Jack: So my next question is when being treated for Myeloma, how often should patients get imaging scans? Do you prefer MRI or PET-CT or both? And by the way, it should also be included for any kind of MRD analysis, right?
Dr Craig Hofmeister: Yes, I think that’s very reasonable. I think imaging in patients who have oligosecretory or non secretory disease is one group. Those patients get a lot more imaging, a lot more regularly because you’re using it to assess the status of their Myeloma. So every two months they may be getting CAT-CTs or MRIs. And so that’s a separate group for your average Myeloma patient that has plenty of protein to measure, I use imaging really if I have questions, if I want to know if their smoldering Myeloma has evidence of Myeloma bone disease etcetera. I do not do PET scans to evaluate if somebody has presence or absence of Myeloma bone disease. As I have seen too many patients who’ve had lytic bone disease that wasn’t picked up on a PET and that drives me crazy. And because many radiologists, they’ll just talk about the areas that were PET positive and they’ll ignore the areas that are PET negative. So while it’s true that most of the bone disease for 90% of Myeloma patients should be PET positive, 10% are not going to be a PET positive. And then there’s a proportion of patients who have some lesions that are PET positive and some are negative for whatever reason. So I don’t like using PET CTs to assess the status or if a patient has myeloma bone disease and tend to use MRIs of the spine and pelvis to try to figure that out. I use MRD analysis on clinical trial and rarely use it in clinical practice and use it primarily in clinical practice to figure out if somebody should stay on toxic maintenance therapy.
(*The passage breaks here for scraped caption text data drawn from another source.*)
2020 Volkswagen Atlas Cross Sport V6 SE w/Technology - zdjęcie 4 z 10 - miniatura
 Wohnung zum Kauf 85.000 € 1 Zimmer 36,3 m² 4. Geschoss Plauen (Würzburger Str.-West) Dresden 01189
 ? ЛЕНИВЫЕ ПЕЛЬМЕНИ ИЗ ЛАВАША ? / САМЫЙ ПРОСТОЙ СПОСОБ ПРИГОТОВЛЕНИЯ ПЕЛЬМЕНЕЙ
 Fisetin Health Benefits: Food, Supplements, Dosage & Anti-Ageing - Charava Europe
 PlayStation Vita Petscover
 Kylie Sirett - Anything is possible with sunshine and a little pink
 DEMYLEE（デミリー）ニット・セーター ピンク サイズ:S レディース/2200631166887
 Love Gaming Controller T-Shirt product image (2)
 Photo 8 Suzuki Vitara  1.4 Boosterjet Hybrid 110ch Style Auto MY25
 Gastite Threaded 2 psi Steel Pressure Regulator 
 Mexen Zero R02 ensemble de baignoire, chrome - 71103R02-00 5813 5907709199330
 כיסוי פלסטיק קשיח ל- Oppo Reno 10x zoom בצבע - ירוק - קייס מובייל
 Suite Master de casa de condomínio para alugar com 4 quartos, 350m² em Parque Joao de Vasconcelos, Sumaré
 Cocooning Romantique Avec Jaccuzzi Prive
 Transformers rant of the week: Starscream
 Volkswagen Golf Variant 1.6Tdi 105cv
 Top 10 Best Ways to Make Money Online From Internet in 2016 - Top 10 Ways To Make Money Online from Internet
Jack: Thank you very much. And my last question, do you treat high risk myeloma patients differently than standard risk? And if so, how?
Dr Craig Hofmeister: Absolutely. In patients who are newly diagnosed, my current practice is to give patients with high risk Myeloma KRD because I can dose escalate the Carfilzomib or the Kyprolis, for those patients with standard risk disease who are newly diagnosed, giving them Daratumumab and RVD is a very reasonable kind of extrapolation based on data from CASSIOPEIA. And then at second, third, fourth line therapy, those patients with high risk disease go under the mantra that it’s the Myeloma until proven otherwise. So they’re followed differently. The labs are different and my prejudice is different. I always think that any complaints in a patient with high risk Myeloma is somehow related to the Myeloma. I just have to figure it out. Whereas those patients with standard risk disease, I’m willing to accept that some may not be related to the Myeloma and whereas those patients with high risk disease I’m not.
Jack: Thanks so much doctor, onto Cindy Chmielewski.
Cynthia Chmielewski: Hi. Good morning Dr Hofmeister. Thanks for taking time to answer our questions. My first question is, can you explain to us what a CELMoD is? Is it any different from an IMiD? Isn’t going to be the new name for IMiD, and a little bit about the new CELMoD IBER?
Dr Craig Hofmeister: Yep. I thought I might get this comment. So I think that CC-220 and CC-92480 are two drugs that Celgene has recently created to help us treat patients with relapsed Myeloma. And I am not 100% certain that this is really a whole new line of therapy or whether it’s just significantly better, much the way that POMALYST was significantly better than Revlimid. So I think that CC-220 is clinically and pre-clinically superior to POMALYST. And it seems to go along a nice trend, which is as Revlimid goes to POMALYST, you have more efficacy and less toxicity as POMALYST goes to Iberdomide or CC-220, it seems that you have improved efficacy and less toxicity and that’s a nice trend and I’m hoping that continues.
Cynthia Chmielewski: Using your crystal ball, I guess, you were saying using the best treatment up front if that trend continues, you think that the CC-220 might be the part of the induction therapy as opposed to Revlimid or do you think you could tell?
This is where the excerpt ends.